Wednesday, March 30, 2011

Golden Beets and Flippin’ Fish, Burgers & Pancakes

Witamy!  So it’s still Lent, Laura is on a diet and one of us is eating VERY healthy (the other of us is just along for the ride…cheating a bit).  For someone in the business of food, that’s a tough challenge.  But last night’s dinner was actually quite tasty and got 4 stars out of 5.  Here’s how it went…

Earlier in the day we stopped by Whole Foods needing to buy flounder to supplement the anemic portion we found in the freezer left over from a previous meal.  We walked by the produce and saw the yellow beets we had been talking about trying, ever since we tested basic red beet dishes for the book. The tag said “Organic Golden Beets” and they were the color of pale carrots. Curious!  So we grabbed a fresh bunch and got the fish. We went with gray sole since it's cheaper than flounder and I can’t really taste the difference after it’s been cooked.  As usual we bought stuff we didn’t need, but that’s what Whole Foods is all about! There were these bins of nuts, seeds and grains for designing your own trail mix…YUM!
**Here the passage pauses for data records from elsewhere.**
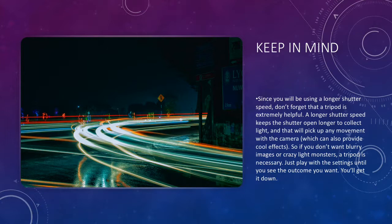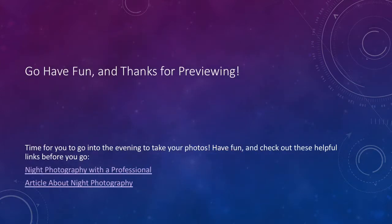Just keep playing with these settings while you're out taking your night pictures — ISO, aperture, and shutter speed — and eventually you'll figure out which you prefer for which scene. Go have fun taking your night photos! Thanks for watching, and if you want to look at some articles before you go, there will be a couple of links in the description to help you out. Thanks again guys, have a good day.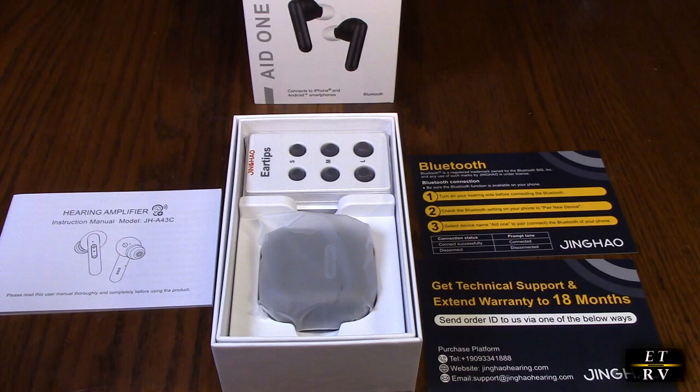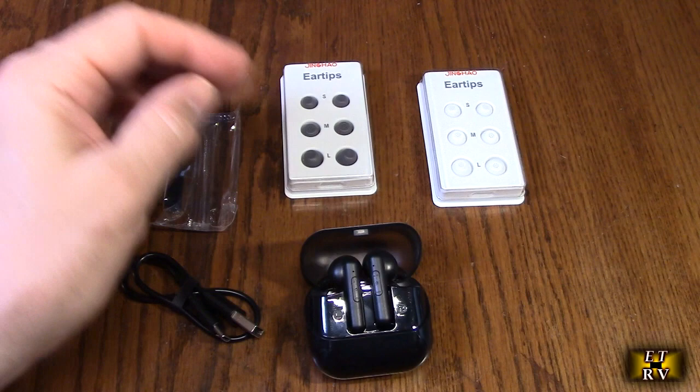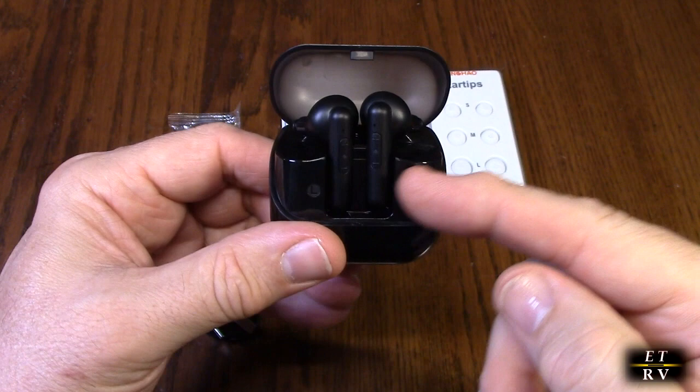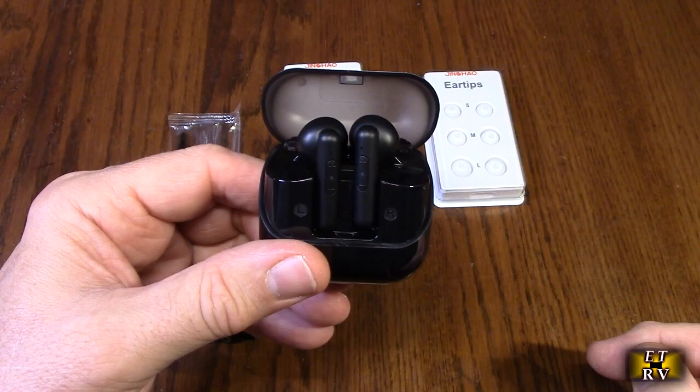Here's what's included: a little cleaning tool, a USB-A to C charging cable, ear tips in black, gray, and white in small, medium, and large, and the unit itself. You'll notice there's a charging port with USB-C — very nice quality. There is a right and a left hearing aid. This is not the style that goes over the top of your ear; it goes in the bottom of your ear into the canal, which is generally really comfortable to use.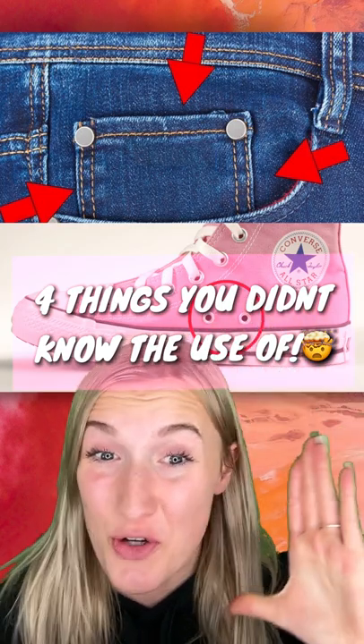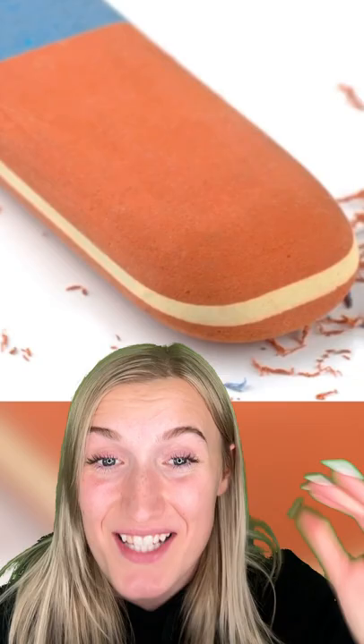Here are four things I guarantee you didn't know the use of. Number one, the blue side of an eraser. You've probably heard that it's used for erasing pen marks, but it's actually used to erase the shavings left over from the red side.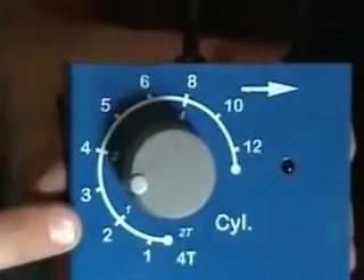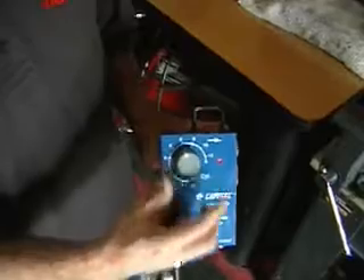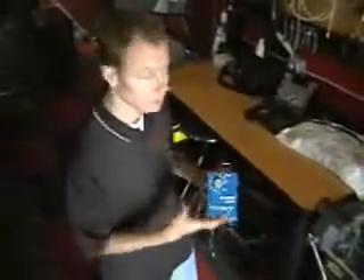Once we get that connected, there's a knob on here that goes one through twelve — this is the number of cylinders that the truck has, or car, whatever you're using. This truck is a six cylinder, so we're going to go ahead and turn the knob to number six. Now this will know every time it fires how to make it correct.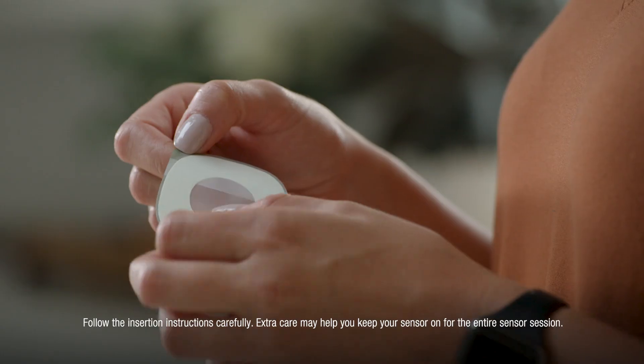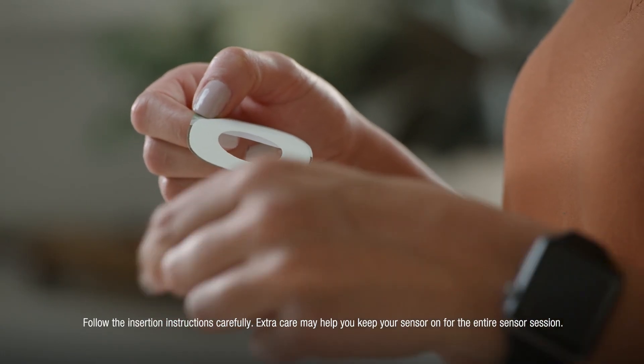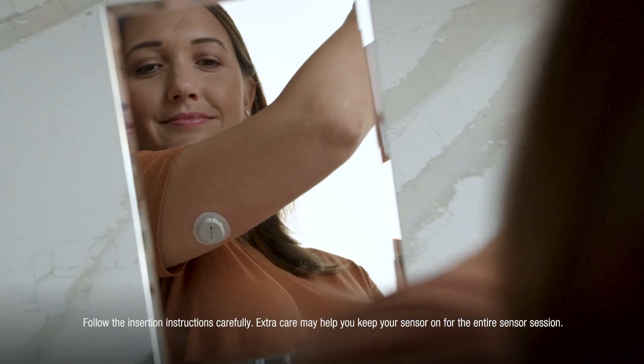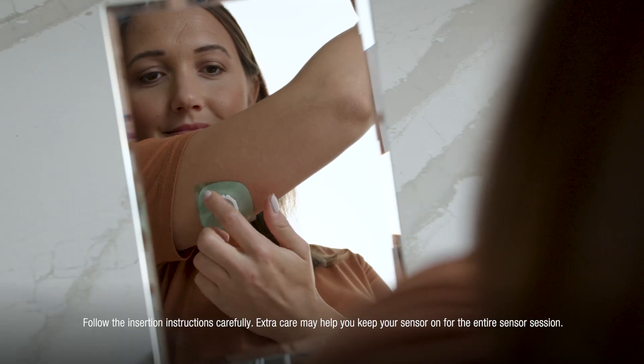Carefully pull off the clear liners one at a time. Don't touch the adhesive area. Use the tab to place the overpatch around the sensor. You may need to look in the mirror for this part.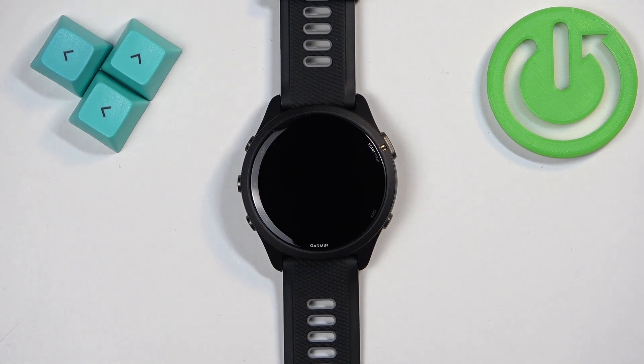Welcome! In front of me I have the Garmin Forerunner 265, and I'm going to show you how to force restart this watch.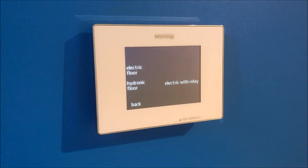At this time in North America, WarmUp is only selling electric systems. On this page you will be selecting electric floor or electric with relay. If you are unsure if your thermostat is connected to a relay, you can confirm with your electrician. Select which yours is to continue.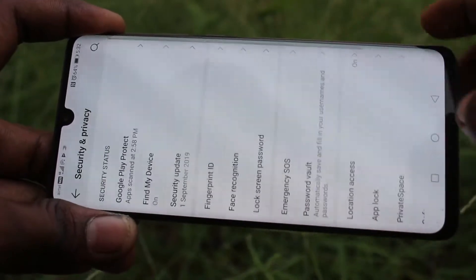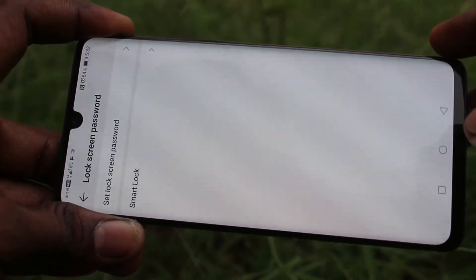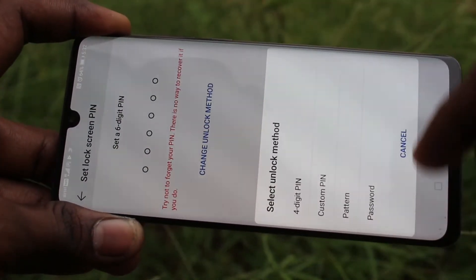Now click on Security and Privacy. Click on Lock Screen Password. Click on Set Lock Screen Password. Now click on Change Unlock Method.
To roast the beets, Laura removed the stems and leaves, wrapped each one in foil and roasted them at 400 degrees for about an hour. Next she tossed 1/3 cup of chopped walnuts with 1 tablespoon of balsamic vinegar.  When the beets were soft, she took them out of the oven, removed the foil and let them cool a bit.  Then she rubbed off the skins and cut the beets into wedges.   Just before plating, she tossed the beet wedges with the vinegar and nuts, and finished them on the plate by drizzling with olive oil and sprinkling with crumbled feta cheese.

The fish were thin fillets of flounder and sole, brushed with a mixture of mayonnaise and country Dijon mustard and crusted with finely chopped pecans. The fillets were then sautéed  for 2 minutes per side in a hot pan with a bit of olive oil, and they’re done – easy breezy!

I must say here, somewhat tongue-in-cheek, that flippin’ is an important skill that not all have mastered.  Not long ago we took a cooking class which required browning meat on all sides, and there were a lot of meat plops and spatters of hot oil flying around the pans.  I don’t profess to be an expert by any means, but here is my take on flipping a long filet of fish, a burger on the grill, pancakes on Sunday morning, or even crepes.

Using the right tool is critical and it’s all in the wrist. For me this is usually a two handed operation – one tool held lightly in my left hand just to hold the target steady and a thin spatula in my right hand that is as round or long as the target (that’s important).  While holding the target from sliding away, I slide the spatula under - all the way.  Then keeping the down side close to the pan (in other words, keep the spatula very low), turn the spatula and let the target slide (not fall) back on to the pan. The firmer the target the easier it will be.  Burgers and thicker fillets are easy as long as the spatula gets completely under the target and is kept low.  For pancakes or crepes, first loosen the bottom by shaking the pan back and forth a bit.  That way you can slide your spatula underneath without tearing up the uncooked batter on top.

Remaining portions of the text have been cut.